Uno de los que resiste en Cataluña, sin abandonarla, es Arcadi. De vez en cuando lo insultan en sus habituales paseos por la ciudad, pero él dice que, pese a todo, en Barcelona aún hay buenos restaurantes. Una vez que coincidí con Jordi Barbeta en Faqs, me soltó un comentario sobre Arcadi que dice más sobre él mismo que de Arcadi:
—¿Tú eres amiga de Arcadi Espada? —me increpó—. De pequeño jugaba con los juguetes rotos de los niños ricos del trabajo de su padre.
Me quedé sin palabras. Era mucho antes de que Arcadi escribiera sus memorias, donde relata que su padre era portero en un edificio de la zona alta de Barcelona. El comentario de Barbeta debía ser aséptico en su cabeza, mientras solo era un pensamiento, pero una vez expresado en voz alta, el que no le invadiera sensación alguna de vergüenza era muy revelador del clasismo repugnante que sufren muchos nacionalistas. Barbeta es uno de los casos más claro que demuestra que cumplir años no te hace más sabio. Quienes le conocen de su juventud dicen que era más bien un chico de orden y moderado y no el revolucionario casi septuagenario de ahora.
Entre los referéndums de 2014 y de 2017 el paisaje urbano catalán estuvo dominado por las estelades y las faltas de respeto.
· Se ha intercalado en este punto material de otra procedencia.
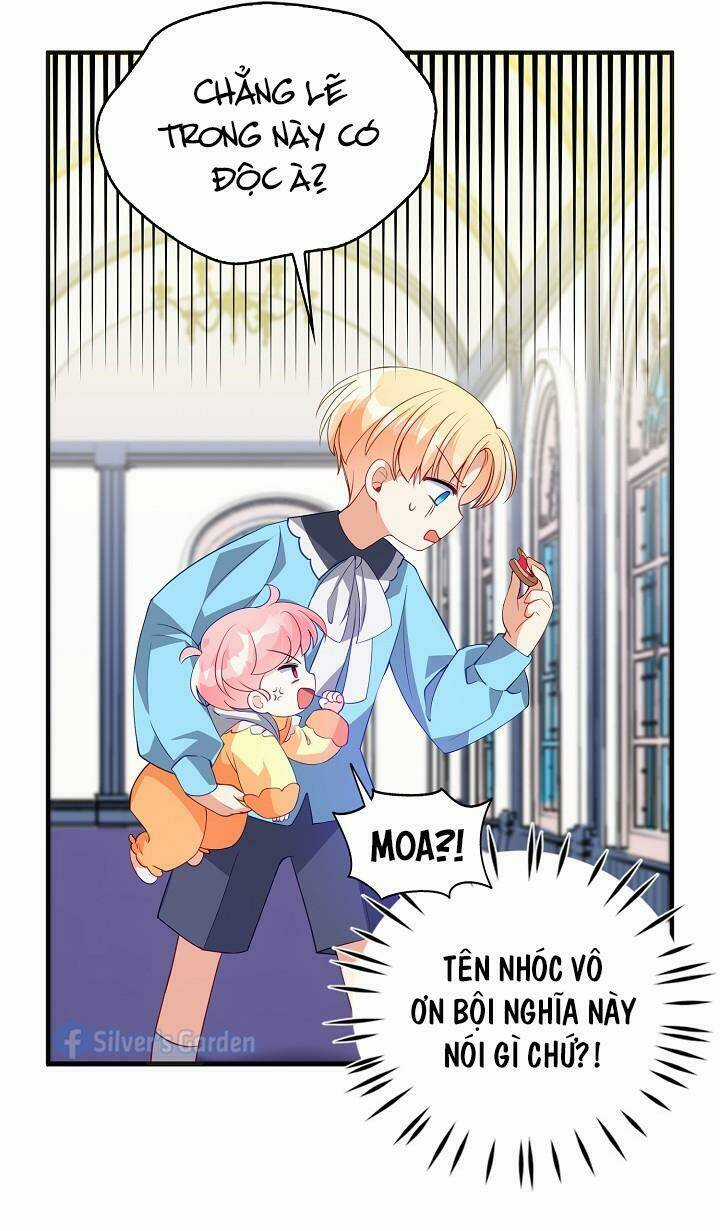 Cô Em Gái Quý Giá Của Nhân Vật Phản Diện Chapter 8 trang 36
En un ejercicio para visualizar los derechos de las minorías y el pluralismo político, o para tocar las narices, mi padre tuvo la gran idea de comprar una bandera de la Unión Europea y colgarla a la vista de todos para que aquel azul marino rompiera la monotonía cromática del rojo y amarillo. Yo le animaba a hacerlo, pero mi madre lo convenció de dejarlo estar. Quizás esto también fue un punto de distensión en una coyuntura en la que reptaba el gusano del enfrentamiento civil.